Prima di scoprire cosa prevede, una premessa. Il governo afferma che economia e occupazione non sono mai andate così bene. Bankitalia, Istat, Ufficio parlamentare di bilancio dicono che non è proprio così. Dove sta la verità?
La verità è che dopo la pesante recessione del 2020, il rimbalzo del 2021 e la ripresa del 2022, l’Italia nel 2023 è tornata a una crescita dello “zero virgola”. Inoltre, la stima del Pil che il governo ha fatto per il 2024 e il 2025 è troppo ottimistica rispetto al reale andamento dell’economia nell’anno in corso e, per l’anno successivo, risulta sovrastimata rispetto alle previsioni degli organismi italiani, europei e internazionali. Il nostro Paese registra un calo della produzione industriale che prosegue ininterrottamente da 19 mesi e i dati sul mercato del lavoro non sono così entusiasmanti come si vuol far credere.
In che senso?
Sull’occupazione vanno rilevati almeno quattro elementi. Primo, il calo dei lavoratori a termine è legato anche alla ripresa del lavoro autonomo che molto spesso, soprattutto per i più giovani, ha caratteristiche del tutto sovrapponibili al lavoro precario. Secondo, la crescita degli occupati in un contesto caratterizzato da Pil stagnante e ore lavorate in diminuzione indica una bassa qualità dell’occupazione. Terzo, gli effetti della cassa integrazione guadagni (cig), le cui ore autorizzate sono in netta crescita, non si vedono immediatamente nelle statistiche sul mercato del lavoro perché i cassaintegrati escono dagli occupati solo se la loro assenza dal lavoro supera i tre mesi. Quarto, il tasso di occupazione in Italia – che rimane il più basso di tutta l’Unione Europea - sta crescendo non solo per l’aumento degli occupati ma anche per la drastica diminuzione della popolazione in età da lavoro, come ha dovuto riconoscere lo stesso governo nel Psb.
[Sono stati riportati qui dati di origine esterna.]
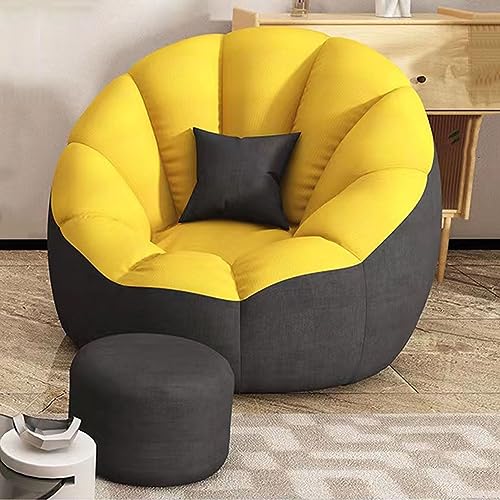 DESHVA Sitzsack-Stuhl-Sofabezug für Erwachsene (kein Füllstoff), fauler Sitzsack-Stuhl, tragbarer Sitzsack-Stuhl-Sofa-Set, bequemer Freizeit-Sofasessel für das Schlafzimmer Wohnzimmer,Yellow+Gray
Se con le risorse del Pnrr l’economia italiana è cresciuta così poco, cosa succederà fra due anni quando il Pnrr terminerà?
Dopo il 2026, anno in cui si conclude il Pnrr e il governo prevede l’uscita dalla procedura di infrazione per deficit eccessivo e quindi l’inizio del percorso di riduzione del debito pubblico, si tornerà a una crescita ancora più bassa. Dal Psb emerge chiaramente come l’azione economica del governo sia del tutto irrilevante nell’orizzonte preso in considerazione: infatti, la differenza tra lo scenario programmatico, cioè quello che incorpora l’impatto delle nuove misure, e quello tendenziale, quindi a legislazione vigente, è minima – appena +0,3 punti percentuali –, talvolta nulla.
Il Psb presentato dal governo e approvato dal Parlamento segna il ritorno all’austerità. 13 miliardi l’anno per i prossimi sette anni cosa significa per il bilancio dello Stato?
Vuol dire riduzione della spesa pubblica che si tradurrà in meno risorse per la sanità, per l’istruzione e la ricerca, per le politiche sociali, per i salari e gli investimenti pubblici, per le pensioni. Insomma, si tratta di un brutale ritorno delle politiche di austerità per sette lunghi anni, cioè ben oltre la durata dell’attuale legislatura e di questo governo. È una ricetta già realizzata in passato e che si è rivelata disastrosa sul piano salariale, occupazionale, economico e di finanza pubblica. Questa volta, però, sarà anche peggio, perché i tagli si scaricheranno sui lavoratori e pensionati che nel triennio 2021-23 hanno visto erodere il proprio potere d’acquisto da una fase prolungata di alta inflazione (il dato cumulato è del +17,3%), determinata principalmente dalla crescita dei profitti, elemento che il governo ha riconosciuto ma sui cui non è intervenuto per porvi rimedio.
Tagli alla spesa pubblica, questa la ricetta del governo: davvero è l’unica strada?
No, assolutamente no. La strada intrapresa dal governo è il frutto di una scelta politica, cioè far pagare l’aggiustamento dei conti pubblici ai redditi fissi. Il governo potrebbe, invece, reperire le risorse necessarie aumentando le entrate, andando a prendere le risorse da chi oggi contribuisce poco, o nulla, pur disponendo di redditi ben superiori a chi vive di salario o di pensione. Il tutto avverrebbe all’interno di un quadro di maggiore progressività ed equità fiscale, come indica chiaramente l’articolo 53 della Costituzione italiana, che però il governo continua ad ignorare sia attraverso i continui condoni che tramite la flat tax.
Ancora una volta le parti sociali non sono state ascoltate prima di scrivere il Psb. Quali sono le richieste della Cgil?
Il Psb, che è stato deciso dal governo senza alcun confronto con le parti sociali, l’abbiamo potuto leggere soltanto dopo che è stato trasmesso al Parlamento. La Cgil, nell’audizione davanti le commissioni Bilancio di Camera e Senato, ha chiesto che le risorse siano recuperate attraverso la lotta all’evasione fiscale, la tassazione dei profitti e l’istituzione di una wealth tax sulle grandissime ricchezze al fine di garantire la tenuta dello stato sociale e gli investimenti pubblici necessari alla doppia transizione. Inoltre, abbiamo proposto che nel Psb e nei collegati alla legge di Bilancio siano inserite due riforme: la prima, sulla rappresentanza e sul salario minimo per rafforzare la contrattazione collettiva e aumentare i salari; la seconda, sulla legislazione del lavoro per contrastare la precarietà, il lavoro nero e sommerso. Infine, la nostra organizzazione ha chiesto il ritiro dell’autonomia differenziata anche perché sarebbe dannosa sul piano della programmazione economica e per le sue ricadute sociali.